More in August: Doxology by Nell Zink (August 27, Ecco).
The Testaments by Margaret Atwood (September 10, Nan A. Talese)
Margaret Atwood’s 1985 dystopian classic, The Handmaid’s Tale, ends with a punch to the gut: Readers never find out what happens to its narrator. Were Offred’s diary recordings made while on the run, stashed while in hiding or in between races for her life? Were they made when she was safe and sound? This sequel we didn’t know we were waiting for picks up 15 years after the handmaid (possibly) broke free from the oppressive Gilead regime, stepping into an escape van and the unknown. What’s also unknown: Atwood has said the testaments of the title come from three female narrators from Gilead, though we don’t know if Offred is one of them. In a press release, the author said, “Everything you’ve ever asked me about Gilead and its inner workings is the inspiration for this book. Well, almost everything! The other inspiration is the world we’ve been living in.”
High School by Tegan And Sara (September 24, MCD x FSG)
It could be the name of one of their albums: High School. The memoir by Juno Award-winning indie-pop musicians Tegan And Sara will drop in late September, just after students have returned to the classroom. Alternating chapters, the identical twin sisters will detail their formative years growing up in Calgary, Alberta—from their school troubles to their parents’ divorce to grappling with their sexual identities. “Writing High School gives us the opportunity to tell the intricate stories that shaped our relationship as sisters, musicians, and queer girls,” the Quin sisters said upon the book’s announcement. (No word yet on possible musical accompaniment.)
The full details of this have not yet been released, but we know it’s a collection of essays that shares a title with a piece Leslie Jamison first published in 2013. “Make It Scream, Make It Burn,” originally appearing in The Oxford American, is an examination of 1941’s Let Us Now Praise Famous Men, the epic nonfiction work written by James Agee, with photographs by Walker Evans, that chronicles the lives of three sharecropper families in Alabama during the Great Depression.
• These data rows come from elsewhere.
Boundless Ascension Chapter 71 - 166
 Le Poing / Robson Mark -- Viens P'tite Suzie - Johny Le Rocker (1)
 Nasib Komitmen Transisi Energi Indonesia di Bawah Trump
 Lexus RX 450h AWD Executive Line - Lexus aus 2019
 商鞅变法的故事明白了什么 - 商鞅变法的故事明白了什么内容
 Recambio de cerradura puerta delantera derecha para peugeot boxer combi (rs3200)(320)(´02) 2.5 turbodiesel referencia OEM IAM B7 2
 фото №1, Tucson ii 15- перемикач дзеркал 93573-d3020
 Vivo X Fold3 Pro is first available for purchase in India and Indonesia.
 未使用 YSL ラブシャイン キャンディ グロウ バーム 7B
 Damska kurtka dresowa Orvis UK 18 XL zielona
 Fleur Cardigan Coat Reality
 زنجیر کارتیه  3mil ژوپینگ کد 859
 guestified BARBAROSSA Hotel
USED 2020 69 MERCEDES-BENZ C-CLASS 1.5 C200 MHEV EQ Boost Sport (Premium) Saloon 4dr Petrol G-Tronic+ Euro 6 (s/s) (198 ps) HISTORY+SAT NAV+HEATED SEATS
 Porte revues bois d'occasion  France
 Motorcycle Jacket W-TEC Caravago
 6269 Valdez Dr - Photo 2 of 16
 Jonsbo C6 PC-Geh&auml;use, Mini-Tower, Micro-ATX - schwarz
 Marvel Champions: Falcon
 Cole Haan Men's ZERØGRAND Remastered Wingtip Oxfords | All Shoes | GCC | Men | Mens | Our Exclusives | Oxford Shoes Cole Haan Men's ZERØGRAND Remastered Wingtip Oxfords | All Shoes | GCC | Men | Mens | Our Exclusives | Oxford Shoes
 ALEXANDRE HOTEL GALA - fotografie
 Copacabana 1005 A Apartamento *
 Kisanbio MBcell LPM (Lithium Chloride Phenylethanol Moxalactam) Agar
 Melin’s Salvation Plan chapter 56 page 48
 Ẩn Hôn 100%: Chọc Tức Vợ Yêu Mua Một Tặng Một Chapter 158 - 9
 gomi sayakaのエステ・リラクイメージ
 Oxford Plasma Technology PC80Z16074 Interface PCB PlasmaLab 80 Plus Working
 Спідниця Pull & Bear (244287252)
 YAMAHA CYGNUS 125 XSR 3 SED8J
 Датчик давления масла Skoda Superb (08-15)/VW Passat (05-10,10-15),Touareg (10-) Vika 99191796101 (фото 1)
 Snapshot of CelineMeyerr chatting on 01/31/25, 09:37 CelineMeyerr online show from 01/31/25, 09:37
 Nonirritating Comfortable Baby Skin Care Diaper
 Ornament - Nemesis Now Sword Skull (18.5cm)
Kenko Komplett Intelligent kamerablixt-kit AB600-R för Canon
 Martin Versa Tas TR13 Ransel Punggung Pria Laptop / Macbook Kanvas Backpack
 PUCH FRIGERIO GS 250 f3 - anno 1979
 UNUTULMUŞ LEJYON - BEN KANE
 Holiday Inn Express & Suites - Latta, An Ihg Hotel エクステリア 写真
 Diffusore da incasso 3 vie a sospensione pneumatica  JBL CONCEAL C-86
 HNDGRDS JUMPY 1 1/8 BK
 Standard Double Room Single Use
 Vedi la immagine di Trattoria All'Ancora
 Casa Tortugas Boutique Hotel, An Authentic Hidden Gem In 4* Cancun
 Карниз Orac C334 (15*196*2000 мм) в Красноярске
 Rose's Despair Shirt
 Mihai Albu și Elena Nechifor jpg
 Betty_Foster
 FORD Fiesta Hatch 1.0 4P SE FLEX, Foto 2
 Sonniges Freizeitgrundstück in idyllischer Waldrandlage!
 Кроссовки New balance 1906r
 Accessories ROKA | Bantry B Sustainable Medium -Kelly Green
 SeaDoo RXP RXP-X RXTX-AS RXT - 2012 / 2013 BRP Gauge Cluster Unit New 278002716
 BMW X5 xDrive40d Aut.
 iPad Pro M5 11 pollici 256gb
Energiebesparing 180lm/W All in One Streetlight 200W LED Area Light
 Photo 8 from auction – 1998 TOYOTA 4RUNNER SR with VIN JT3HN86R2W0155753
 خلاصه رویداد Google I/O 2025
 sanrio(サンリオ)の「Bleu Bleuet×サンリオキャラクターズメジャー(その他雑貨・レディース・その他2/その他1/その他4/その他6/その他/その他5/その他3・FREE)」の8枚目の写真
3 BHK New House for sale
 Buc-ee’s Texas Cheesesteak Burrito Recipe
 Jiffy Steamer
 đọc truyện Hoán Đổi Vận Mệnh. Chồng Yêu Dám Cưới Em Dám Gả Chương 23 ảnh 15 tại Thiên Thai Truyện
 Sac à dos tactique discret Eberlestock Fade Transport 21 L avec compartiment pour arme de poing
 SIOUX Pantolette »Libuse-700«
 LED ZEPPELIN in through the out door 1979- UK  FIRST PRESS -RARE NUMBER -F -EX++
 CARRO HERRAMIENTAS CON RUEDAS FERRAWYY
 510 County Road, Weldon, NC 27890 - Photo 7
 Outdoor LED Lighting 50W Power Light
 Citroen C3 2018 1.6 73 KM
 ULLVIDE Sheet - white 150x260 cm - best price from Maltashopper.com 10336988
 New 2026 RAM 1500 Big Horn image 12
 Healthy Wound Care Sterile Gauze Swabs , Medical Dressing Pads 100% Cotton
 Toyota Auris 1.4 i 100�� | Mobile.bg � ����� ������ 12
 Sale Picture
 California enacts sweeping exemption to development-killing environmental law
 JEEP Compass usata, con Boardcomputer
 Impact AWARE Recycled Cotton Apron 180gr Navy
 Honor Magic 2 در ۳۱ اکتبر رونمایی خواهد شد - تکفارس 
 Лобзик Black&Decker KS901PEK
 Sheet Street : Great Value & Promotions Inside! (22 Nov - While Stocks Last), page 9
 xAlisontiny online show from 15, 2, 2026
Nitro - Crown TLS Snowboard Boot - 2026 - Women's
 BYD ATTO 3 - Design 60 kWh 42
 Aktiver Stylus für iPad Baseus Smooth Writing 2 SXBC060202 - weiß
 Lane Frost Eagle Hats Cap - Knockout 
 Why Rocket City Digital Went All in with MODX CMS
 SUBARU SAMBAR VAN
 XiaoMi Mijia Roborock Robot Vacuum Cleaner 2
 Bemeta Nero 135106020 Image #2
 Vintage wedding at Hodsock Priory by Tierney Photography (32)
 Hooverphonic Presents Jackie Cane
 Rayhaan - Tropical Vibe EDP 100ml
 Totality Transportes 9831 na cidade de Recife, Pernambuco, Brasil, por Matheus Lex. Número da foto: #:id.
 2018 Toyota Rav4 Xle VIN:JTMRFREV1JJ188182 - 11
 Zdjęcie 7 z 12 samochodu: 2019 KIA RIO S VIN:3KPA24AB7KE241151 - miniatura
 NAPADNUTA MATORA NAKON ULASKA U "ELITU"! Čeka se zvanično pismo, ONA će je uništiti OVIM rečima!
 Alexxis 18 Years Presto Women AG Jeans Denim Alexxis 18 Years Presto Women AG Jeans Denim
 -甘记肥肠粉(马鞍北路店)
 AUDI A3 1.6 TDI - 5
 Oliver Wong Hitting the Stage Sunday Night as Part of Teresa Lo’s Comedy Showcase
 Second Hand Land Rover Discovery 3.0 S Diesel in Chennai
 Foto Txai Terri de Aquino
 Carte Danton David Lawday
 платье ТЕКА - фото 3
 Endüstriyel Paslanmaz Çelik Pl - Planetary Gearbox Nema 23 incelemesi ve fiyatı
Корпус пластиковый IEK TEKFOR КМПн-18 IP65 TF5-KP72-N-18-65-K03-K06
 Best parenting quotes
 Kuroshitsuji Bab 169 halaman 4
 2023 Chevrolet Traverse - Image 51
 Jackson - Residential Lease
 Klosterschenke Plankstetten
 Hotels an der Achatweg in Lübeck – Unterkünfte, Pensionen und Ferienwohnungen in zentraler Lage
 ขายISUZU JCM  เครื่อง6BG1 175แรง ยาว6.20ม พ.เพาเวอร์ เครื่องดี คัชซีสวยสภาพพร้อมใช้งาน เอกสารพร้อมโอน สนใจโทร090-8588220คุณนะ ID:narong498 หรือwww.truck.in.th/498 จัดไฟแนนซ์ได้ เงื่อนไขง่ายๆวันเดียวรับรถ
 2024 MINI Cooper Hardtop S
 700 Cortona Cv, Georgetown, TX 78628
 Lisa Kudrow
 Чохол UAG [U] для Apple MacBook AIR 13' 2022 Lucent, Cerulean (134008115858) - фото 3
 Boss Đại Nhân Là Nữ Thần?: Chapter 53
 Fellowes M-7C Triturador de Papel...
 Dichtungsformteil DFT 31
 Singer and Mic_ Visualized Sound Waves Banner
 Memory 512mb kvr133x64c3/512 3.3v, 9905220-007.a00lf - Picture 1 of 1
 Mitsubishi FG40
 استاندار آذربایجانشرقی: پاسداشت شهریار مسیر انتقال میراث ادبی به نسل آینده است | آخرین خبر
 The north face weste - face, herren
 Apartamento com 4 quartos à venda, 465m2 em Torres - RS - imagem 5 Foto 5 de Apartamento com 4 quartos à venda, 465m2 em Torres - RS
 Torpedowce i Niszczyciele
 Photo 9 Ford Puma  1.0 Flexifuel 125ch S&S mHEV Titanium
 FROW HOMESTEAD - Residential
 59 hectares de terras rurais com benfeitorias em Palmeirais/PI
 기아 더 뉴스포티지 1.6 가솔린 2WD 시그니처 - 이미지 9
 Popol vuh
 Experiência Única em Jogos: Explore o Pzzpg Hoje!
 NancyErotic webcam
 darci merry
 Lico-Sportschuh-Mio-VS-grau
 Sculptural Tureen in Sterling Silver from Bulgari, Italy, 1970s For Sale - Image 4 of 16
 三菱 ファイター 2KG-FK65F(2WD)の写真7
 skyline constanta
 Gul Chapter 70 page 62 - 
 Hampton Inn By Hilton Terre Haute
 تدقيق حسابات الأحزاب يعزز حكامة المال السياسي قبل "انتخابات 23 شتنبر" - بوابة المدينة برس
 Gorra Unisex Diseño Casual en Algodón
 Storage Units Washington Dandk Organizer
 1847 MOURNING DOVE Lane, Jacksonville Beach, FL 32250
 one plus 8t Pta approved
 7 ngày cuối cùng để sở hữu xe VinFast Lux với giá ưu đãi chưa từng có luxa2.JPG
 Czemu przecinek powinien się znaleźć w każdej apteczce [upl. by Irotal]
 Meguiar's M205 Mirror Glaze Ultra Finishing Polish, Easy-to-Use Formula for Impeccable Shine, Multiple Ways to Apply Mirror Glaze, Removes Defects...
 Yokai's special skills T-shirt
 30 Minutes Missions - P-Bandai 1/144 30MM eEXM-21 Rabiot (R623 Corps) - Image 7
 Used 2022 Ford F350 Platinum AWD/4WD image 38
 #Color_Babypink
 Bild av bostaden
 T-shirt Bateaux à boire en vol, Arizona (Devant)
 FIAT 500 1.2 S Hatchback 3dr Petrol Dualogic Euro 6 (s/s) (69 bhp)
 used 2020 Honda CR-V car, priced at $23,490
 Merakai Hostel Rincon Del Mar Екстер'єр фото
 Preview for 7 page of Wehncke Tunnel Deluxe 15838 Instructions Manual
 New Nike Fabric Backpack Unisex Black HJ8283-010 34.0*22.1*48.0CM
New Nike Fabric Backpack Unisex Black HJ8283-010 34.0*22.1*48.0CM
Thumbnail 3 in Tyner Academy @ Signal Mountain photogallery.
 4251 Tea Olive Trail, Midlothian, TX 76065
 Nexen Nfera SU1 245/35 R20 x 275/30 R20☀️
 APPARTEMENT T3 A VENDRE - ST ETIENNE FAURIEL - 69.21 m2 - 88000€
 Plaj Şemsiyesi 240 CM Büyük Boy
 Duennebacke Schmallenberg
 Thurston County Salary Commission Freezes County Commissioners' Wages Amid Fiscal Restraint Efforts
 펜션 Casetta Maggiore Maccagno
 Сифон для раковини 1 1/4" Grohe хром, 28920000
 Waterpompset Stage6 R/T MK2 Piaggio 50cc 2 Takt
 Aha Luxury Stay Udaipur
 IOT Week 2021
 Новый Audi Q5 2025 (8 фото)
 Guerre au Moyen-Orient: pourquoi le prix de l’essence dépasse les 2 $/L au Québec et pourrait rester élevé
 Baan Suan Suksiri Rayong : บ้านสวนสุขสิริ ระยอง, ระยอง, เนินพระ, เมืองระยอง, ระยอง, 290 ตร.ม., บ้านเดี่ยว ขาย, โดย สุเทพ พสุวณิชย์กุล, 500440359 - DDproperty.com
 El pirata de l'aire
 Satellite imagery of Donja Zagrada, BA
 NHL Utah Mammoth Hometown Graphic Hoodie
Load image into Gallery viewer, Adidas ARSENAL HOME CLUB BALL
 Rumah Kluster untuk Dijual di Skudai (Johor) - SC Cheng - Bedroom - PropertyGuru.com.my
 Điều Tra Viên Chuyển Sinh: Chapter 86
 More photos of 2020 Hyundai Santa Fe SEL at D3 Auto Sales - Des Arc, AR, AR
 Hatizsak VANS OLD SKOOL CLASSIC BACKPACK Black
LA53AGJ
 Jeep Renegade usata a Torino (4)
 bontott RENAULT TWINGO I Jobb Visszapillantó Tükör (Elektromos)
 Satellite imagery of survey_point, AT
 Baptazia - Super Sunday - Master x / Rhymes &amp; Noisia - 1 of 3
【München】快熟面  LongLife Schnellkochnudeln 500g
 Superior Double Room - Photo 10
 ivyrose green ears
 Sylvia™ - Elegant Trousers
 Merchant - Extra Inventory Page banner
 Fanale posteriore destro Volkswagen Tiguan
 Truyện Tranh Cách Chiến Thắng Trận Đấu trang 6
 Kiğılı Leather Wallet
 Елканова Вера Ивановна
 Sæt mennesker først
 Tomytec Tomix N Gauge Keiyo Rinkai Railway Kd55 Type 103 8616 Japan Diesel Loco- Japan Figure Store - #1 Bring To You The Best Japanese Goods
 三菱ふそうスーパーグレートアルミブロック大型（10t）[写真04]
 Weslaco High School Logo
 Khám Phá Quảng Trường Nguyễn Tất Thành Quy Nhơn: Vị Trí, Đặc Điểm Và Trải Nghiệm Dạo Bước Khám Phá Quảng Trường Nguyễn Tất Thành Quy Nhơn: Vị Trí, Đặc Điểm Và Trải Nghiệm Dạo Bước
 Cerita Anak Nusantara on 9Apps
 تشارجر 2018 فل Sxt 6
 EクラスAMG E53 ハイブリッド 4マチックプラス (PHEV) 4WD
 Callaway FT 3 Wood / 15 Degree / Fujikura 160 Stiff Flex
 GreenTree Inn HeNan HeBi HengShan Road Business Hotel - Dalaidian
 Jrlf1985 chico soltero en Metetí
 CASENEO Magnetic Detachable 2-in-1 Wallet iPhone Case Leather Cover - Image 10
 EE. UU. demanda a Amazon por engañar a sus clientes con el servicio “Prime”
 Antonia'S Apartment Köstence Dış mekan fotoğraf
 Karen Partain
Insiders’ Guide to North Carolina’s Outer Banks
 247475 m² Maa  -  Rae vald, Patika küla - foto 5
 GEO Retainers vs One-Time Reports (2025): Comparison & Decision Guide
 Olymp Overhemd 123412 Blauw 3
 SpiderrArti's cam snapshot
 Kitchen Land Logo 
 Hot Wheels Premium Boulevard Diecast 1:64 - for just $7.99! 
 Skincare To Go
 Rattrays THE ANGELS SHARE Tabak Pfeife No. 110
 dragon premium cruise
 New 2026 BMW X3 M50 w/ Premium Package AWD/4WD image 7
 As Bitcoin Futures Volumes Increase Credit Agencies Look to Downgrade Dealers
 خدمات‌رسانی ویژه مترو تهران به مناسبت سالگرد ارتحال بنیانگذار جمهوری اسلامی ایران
As shown in 2014’s The Empathy Exams and last year’s The Recovering, Jamison is at her best when closely examining such texts—bringing literature, television, and film into conversation with each other in insightful, enlivening ways.
More in the fall: Agent Running In The Field by John le Carré (October, Viking), In The Dream House: A Memoir by Carmen Maria Machado (October, Graywolf Press), Some Of Us Are Very Hungry Now by Andre Perry (November, Two Dollar Radio), The Complete Gary Lutz (Fall, Tyrant Books).